**Assignment**
These records are to be written out exactly as they read, minus the pictures.

**Entries provided**
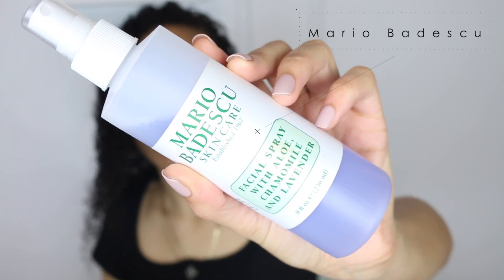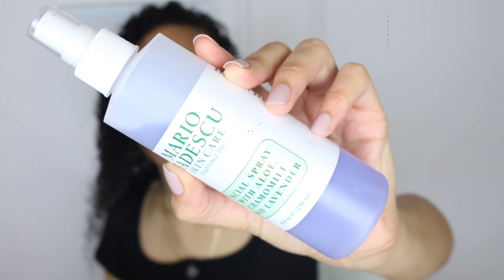So first I'm going to prep my face prior to putting on any of the foundations, because I feel like if you have a good, primed face, then your foundation would last longer. And if I think one of these foundations does not last as long as I think they would, I will definitely tell you. The first thing I'm going to use is my Mario Badescu Facial Spray with Aloe, Chamomile and Lavender. We're just going to spray it all over the face.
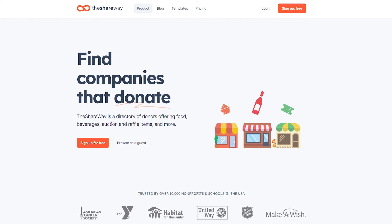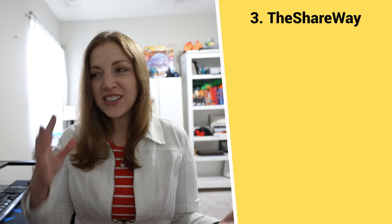The third site is theshareway.com. This one has goods like the other sites — you might find food and similar items — but what's really exciting about this website is it's great for auctions or raffle-type fundraisers. You can find out which businesses offer gift card donations you could use for an auction, or items like alcohol for your events. If you've ever tried to host a gala or fundraising event where the cost of bar service was prohibitive, this website could help you get access to donated or heavily discounted alcohol for your major fundraising event.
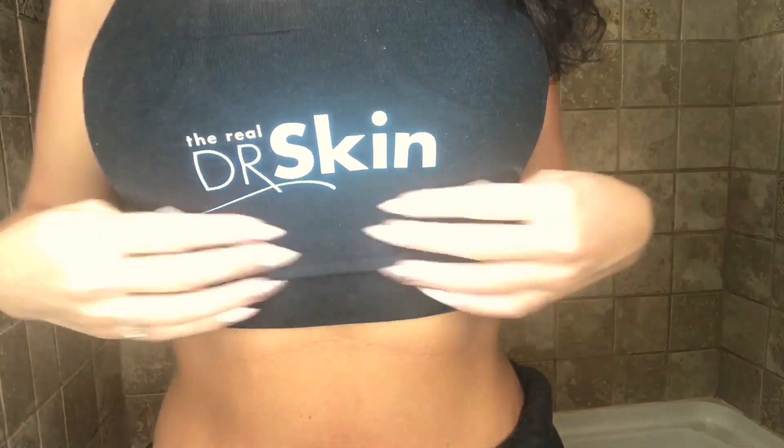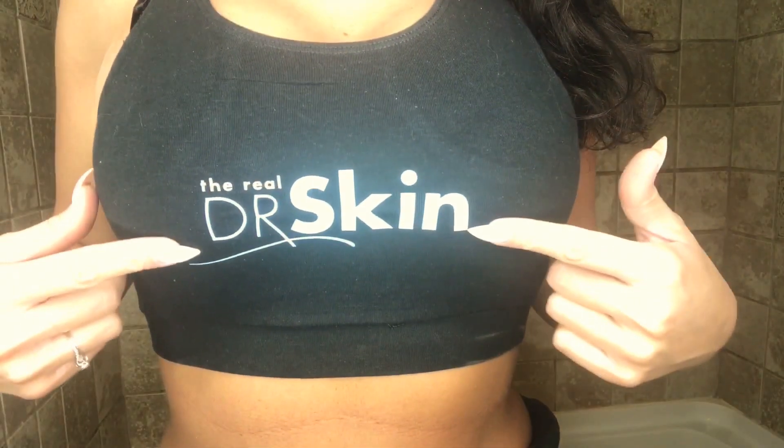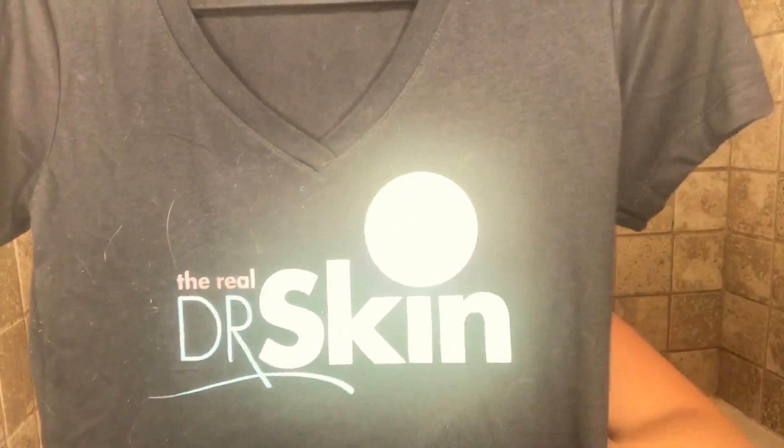So let's get started. The first gift was this little sports bra type deal — it's really comfortable. I don't work out, but if I did I would wear this, and I think I'm gonna get a lot of use for it in the summer. There's also a plain black v-neck tee that says 'The Real Doctor Skin' on it. Both of these can be purchased on the website at realdrskin.com — I will link everything below.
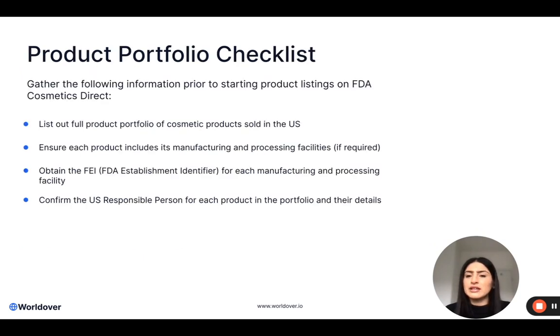So there are a couple of checklists that I will be running through. The first one is the product portfolio checklist. This is essentially a very top level summary of the products that you will be notifying on FDA Cosmetics Direct. Here I would start with listing out the full product names. This must be for the cosmetic products sold in the US only — not any of the other markets and not any of the other classifications. So if you have SPFs, for example, in the US they are not cosmetic so you would not need to list these on FDA Cosmetics Direct.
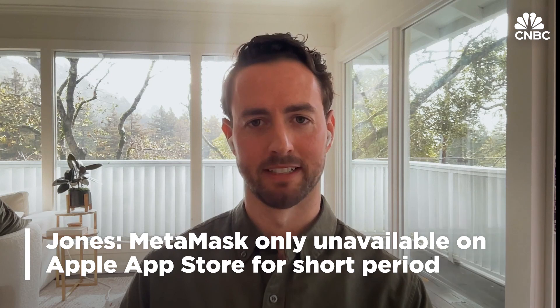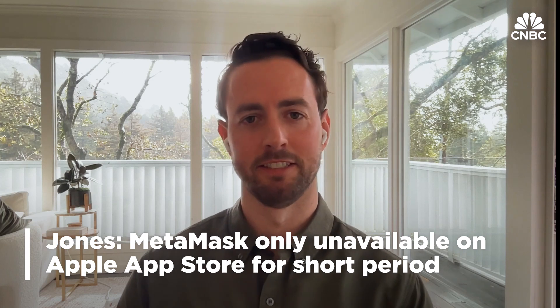In October, MetaMask was no longer available on the Apple App Store, but it's back now. It was only unavailable for a very short period of time, and we worked with the Apple team to make sure it got back up and running. It had nothing to do with security, and it didn't have anything to do with Apple's regulations. It was a series of things on our side that we wanted to have in place before getting it back on the store. It was a little bit of a hiccup, and we've been making sure that doesn't happen again, and we work closely with Google as well.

**Task answer**
So first I'm going to prep my face prior to putting on any of the foundations, because I feel like if you have a good, primed face, then your foundation would last longer. And if I think one of these foundations does not last as long as I think they would, I will definitely tell you. The first thing I'm going to use is my Mario Badescu Facial Spray with Aloe, Chamomile and Lavender. We're just going to spray it all over the face.
The third site is theshareway.com. This one has goods like the other sites — you might find food and similar items — but what's really exciting about this website is it's great for auctions or raffle-type fundraisers. You can find out which businesses offer gift card donations you could use for an auction, or items like alcohol for your events. If you've ever tried to host a gala or fundraising event where the cost of bar service was prohibitive, this website could help you get access to donated or heavily discounted alcohol for your major fundraising event.
So let's get started. The first gift was this little sports bra type deal — it's really comfortable. I don't work out, but if I did I would wear this, and I think I'm gonna get a lot of use for it in the summer. There's also a plain black v-neck tee that says 'The Real Doctor Skin' on it. Both of these can be purchased on the website at realdrskin.com — I will link everything below.
So there are a couple of checklists that I will be running through. The first one is the product portfolio checklist. This is essentially a very top level summary of the products that you will be notifying on FDA Cosmetics Direct. Here I would start with listing out the full product names. This must be for the cosmetic products sold in the US only — not any of the other markets and not any of the other classifications. So if you have SPFs, for example, in the US they are not cosmetic so you would not need to list these on FDA Cosmetics Direct.
In October, MetaMask was no longer available on the Apple App Store, but it's back now. It was only unavailable for a very short period of time, and we worked with the Apple team to make sure it got back up and running. It had nothing to do with security, and it didn't have anything to do with Apple's regulations. It was a series of things on our side that we wanted to have in place before getting it back on the store. It was a little bit of a hiccup, and we've been making sure that doesn't happen again, and we work closely with Google as well.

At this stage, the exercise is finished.